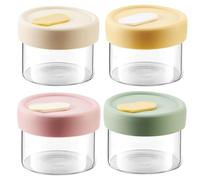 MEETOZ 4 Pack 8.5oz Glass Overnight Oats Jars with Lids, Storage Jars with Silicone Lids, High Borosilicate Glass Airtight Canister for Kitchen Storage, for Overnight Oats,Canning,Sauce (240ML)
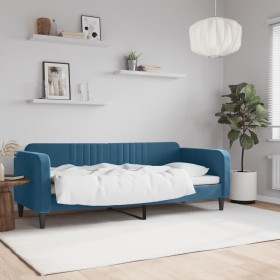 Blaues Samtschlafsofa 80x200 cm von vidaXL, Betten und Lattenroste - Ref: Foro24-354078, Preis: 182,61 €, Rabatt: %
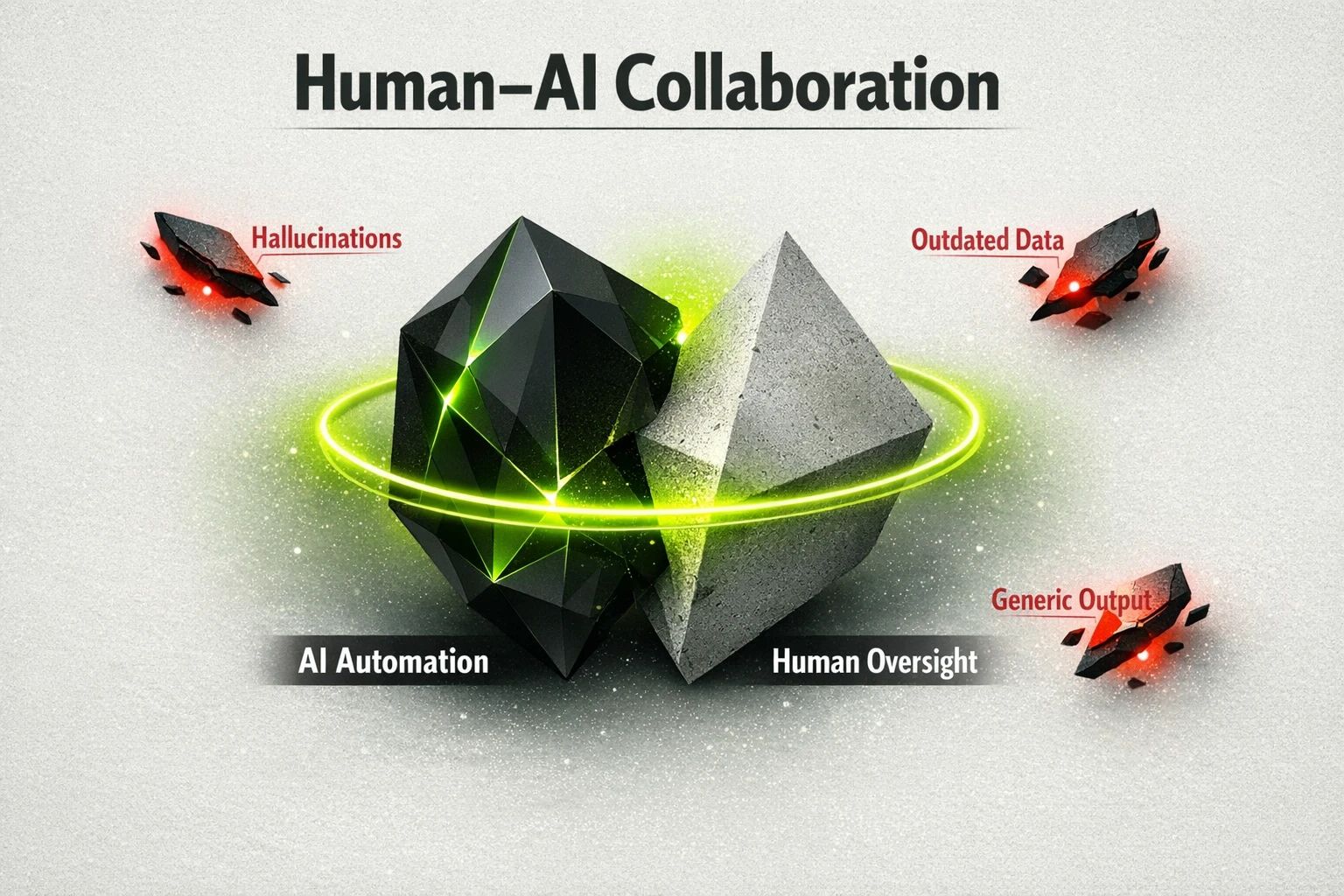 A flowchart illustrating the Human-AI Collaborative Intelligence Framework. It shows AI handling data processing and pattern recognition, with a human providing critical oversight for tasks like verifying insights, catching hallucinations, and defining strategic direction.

* * *

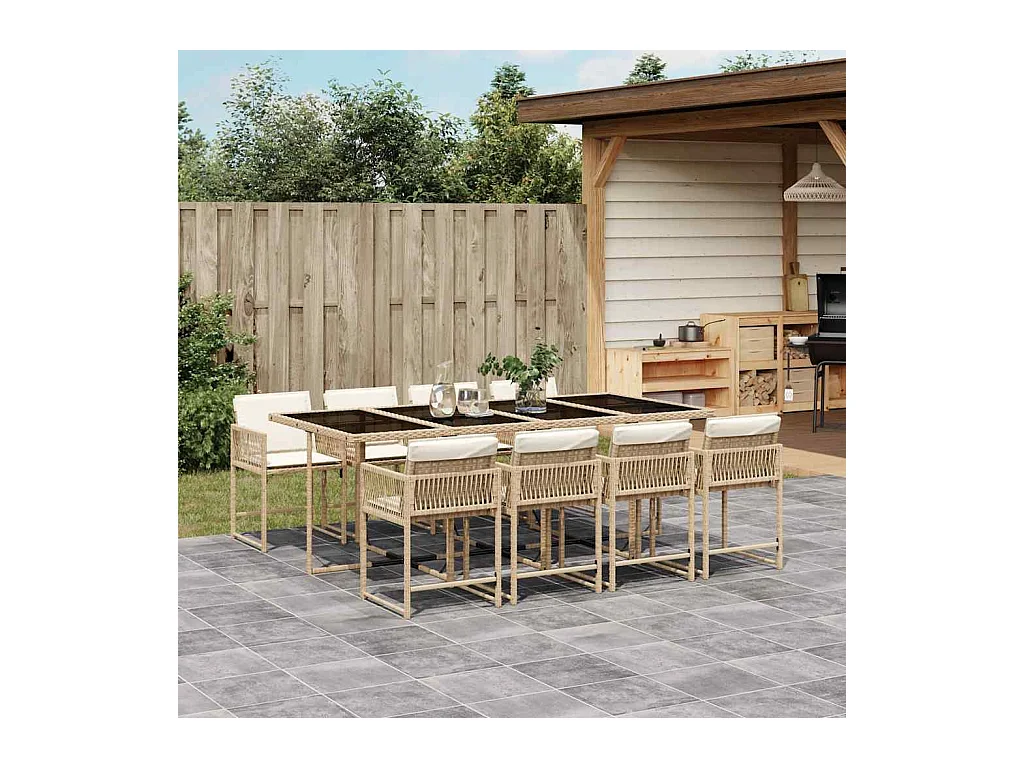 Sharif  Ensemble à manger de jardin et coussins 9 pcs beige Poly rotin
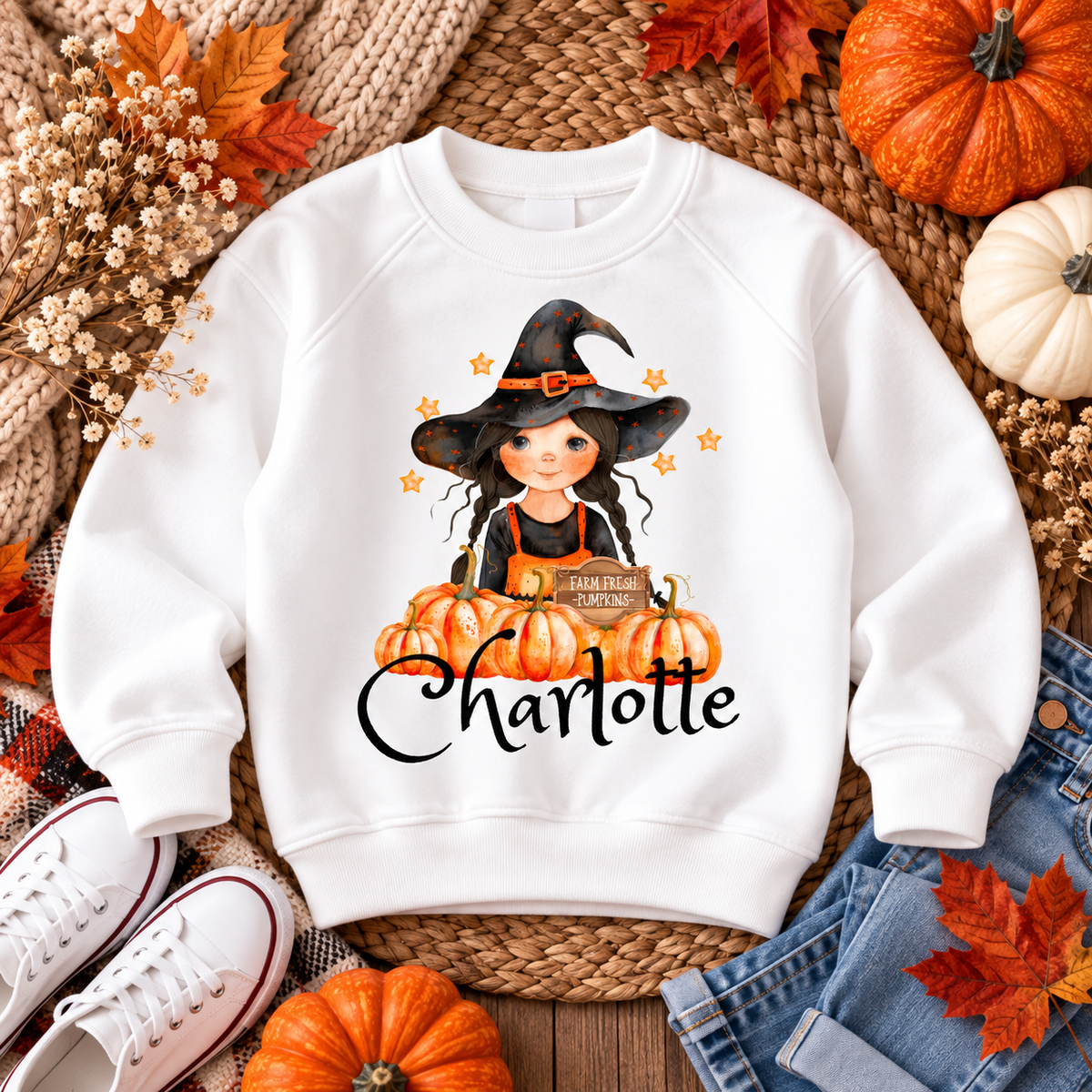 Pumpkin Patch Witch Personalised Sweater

### Your assignment
Look above for the line with "beige Poly rotin" and copy exactly from it through the line with "Pumpkin Patch Witch Personalised Sweater", both included. Omit the pictures.

### Written reply
 Sharif  Ensemble à manger de jardin et coussins 9 pcs beige Poly rotin
 Pumpkin Patch Witch Personalised Sweater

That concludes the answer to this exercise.